NUSA DUA, KOMPAS — Badan Ekonomi Kreatif meluncurkan buku Kopi: Indonesian Coffee Craft and Culture pada acara gala dinner bersama peserta Konferensi Dunia Ekonomi Kreatif (WCCE) 2018, Rabu (7/11/2018) malam, di Hotel Sofitel Nusa Dua, Bali. Buku ini berisi perjalanan sejarah hingga kultur minum minuman kopi di Nusantara.
”Buku ini harus dilihat sebagai bagian apresiasi terhadap kopi Indonesia. Bagaimana cerita kopi dari biji sampai pemrosesannya menjadi sebuah minuman. Sejarah kopi tiba di Nusantara berlanjut hingga budaya minum,” ujar Kepala Badan Ekonomi Kreatif (Bekraf) Triawan Munaf.
Indonesia menjadi negara pengekspor biji kopi (beans) terbesar kedua di dunia, dengan total nilai 1,2 miliar dollar AS pada akhir 2017. Dengan nilai sebesar ini, volume biji lebih dari 460.000 ton. Per Februari 2018, Indonesia telah mengekspor sekitar 22.000 ton biji kopi. Jumlah ini terus bertambah setiap bulan.
Kultur minum kopi yang dimaksud misalnya kopi duren Medan. Warga Medan suka mencampur minuman kopi dengan buah durian. Contoh lain, kopi sanger Aceh. Warga Aceh terbiasa minum minuman kopi yang sudah digabung dengan susu.
Lebih jauh, Triawan mengatakan, dirinya kerap kali menemukan orang yang hanya mengenal kopi arabika Jawa.
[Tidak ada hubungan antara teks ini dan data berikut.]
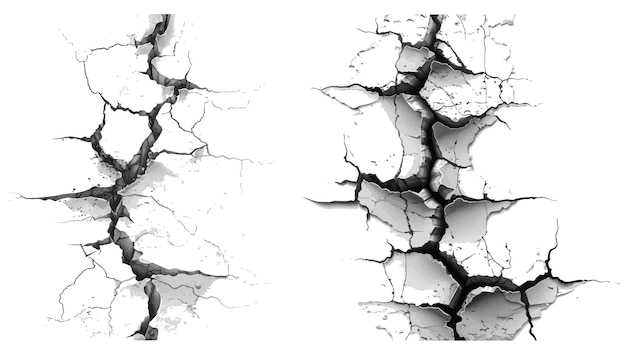 Vector wall cracks clefts crack cracked damaged surface and fracture craquelure texture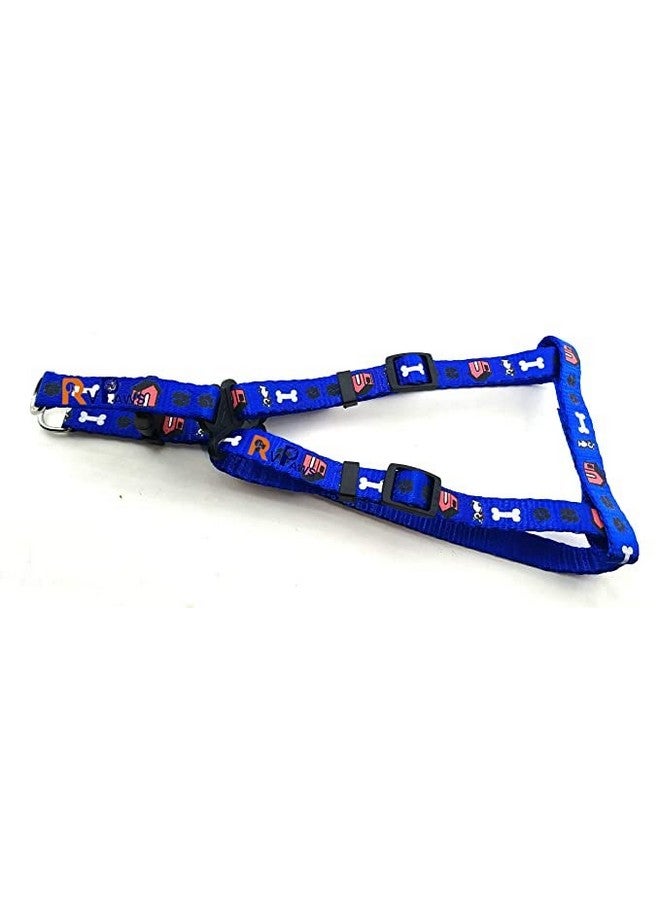 Soft Adjustable Bone/Paw Printed Nylon Padded Vest Harness And Long Handle Leash Ideal For Outdoor Walking/Training Dogs And Puppies (Blue) - Image 3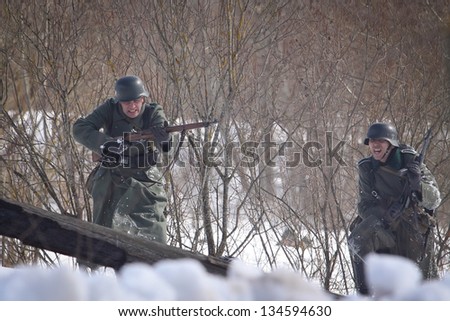 TESSOVO-NETYLSKI, RUSSIA - APR 07: Historical reenactment of the battles for the corridor supply the 2nd Shock Army (april-may 1942) on april 07, 2013 in Tessovo-Netylski, Novgorod region, Russia.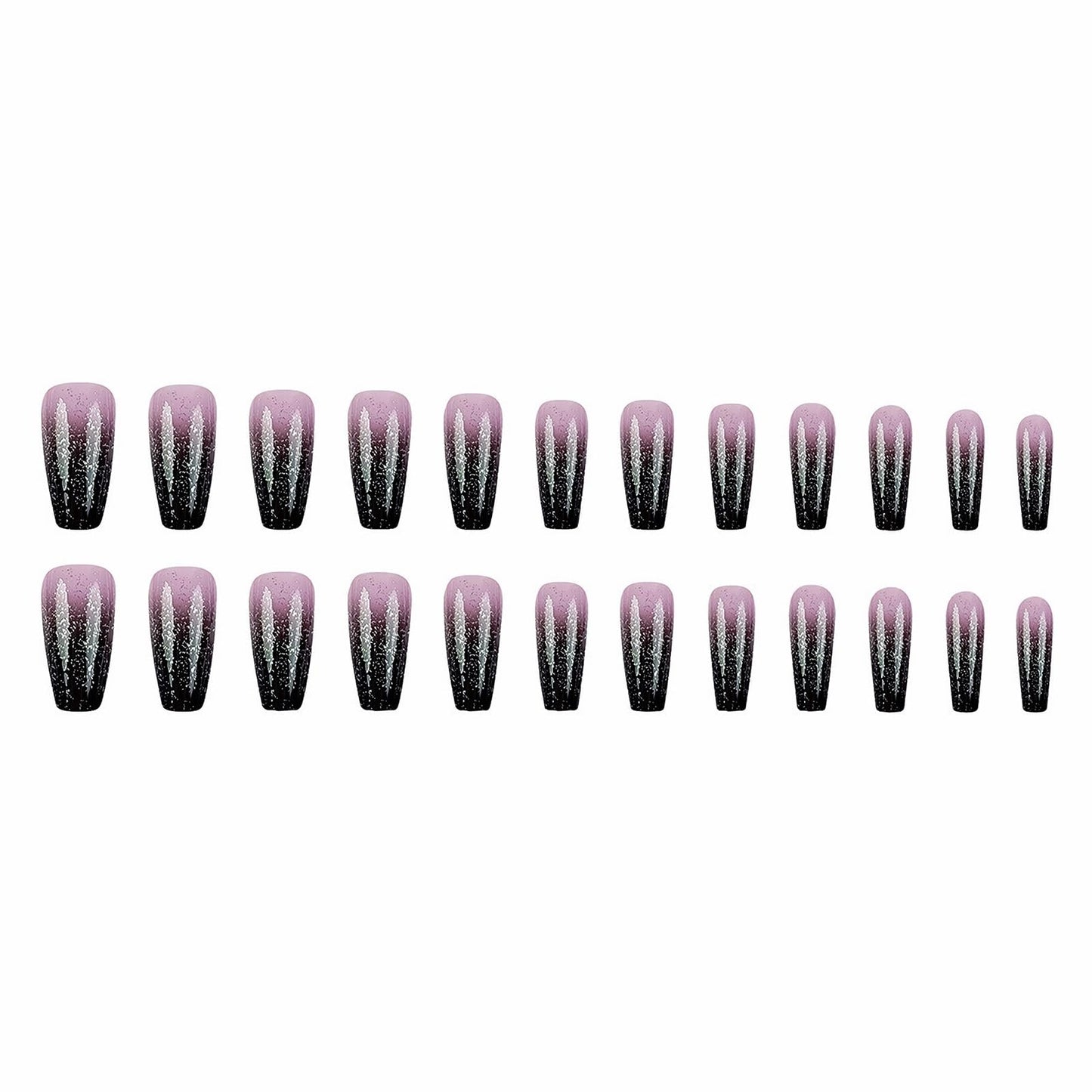 MISUD Press on Nails - Long Coffin Glue on Nails with Goth Black Purple, Acrylic Bling Glitter Design 24 pcs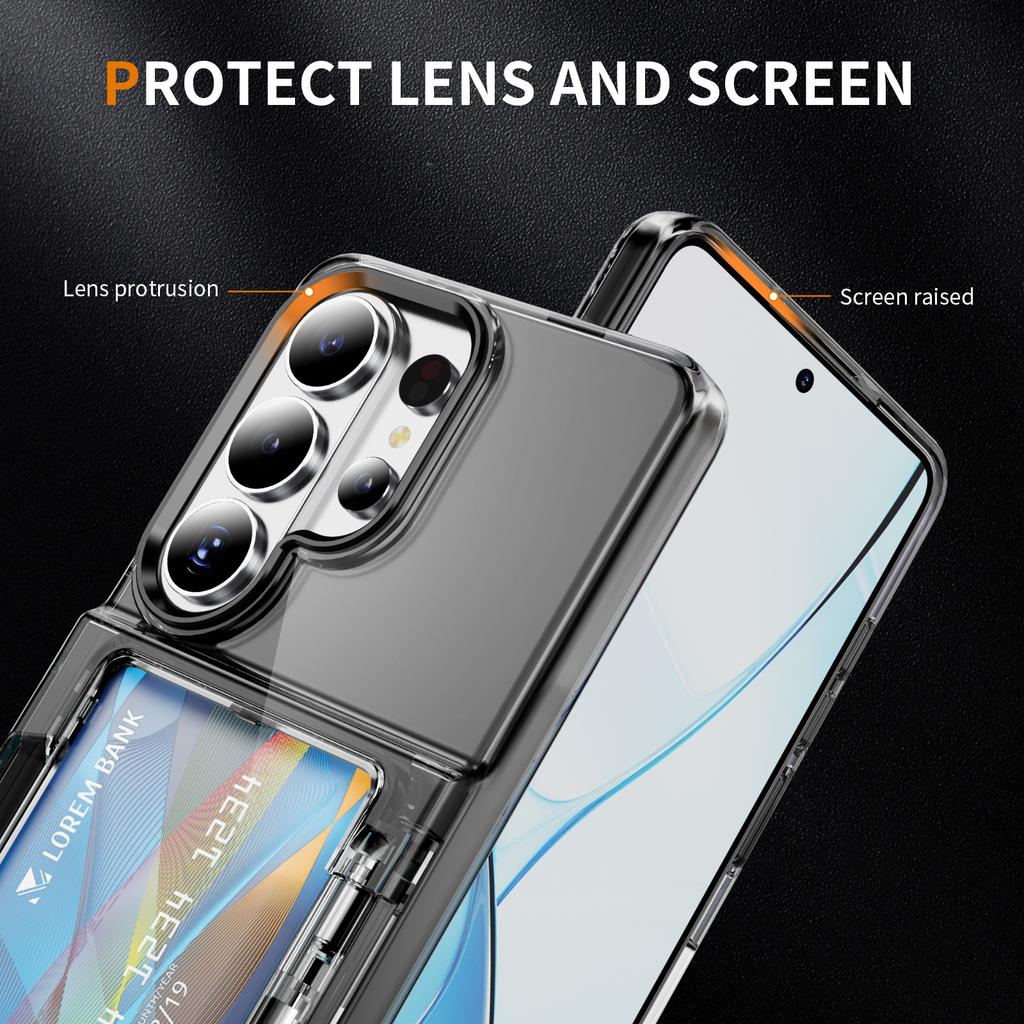Case for Samsung S26 S25 S24 S23 S22 Ultra Transparent Card Holder Protective Case Full Coverage Plain Shock Proof Anti-Scratch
Padahal, Indonesia memiliki jenis lain yang tidak kalah enak untuk dijadikan bahan minuman. Sebagai contoh, kopi arabika Toraja, kopi arabika Kintamani, dan kopi arabika Gayo.
Sejak sekitar dua tahun terakhir, Bekraf memiliki perhatian meningkatkan nilai tambah terhadap minuman kopi Indonesia. Bentuk dukungan bermacam-macam, antara lain memfasilitasi akses pembiayaan pengusaha minuman kopi dengan lembaga jasa keuangan, sertifikasi profesi barista, dan mengupayakan merek kedai minuman kopi specialty lokal merambah ke pasar internasional.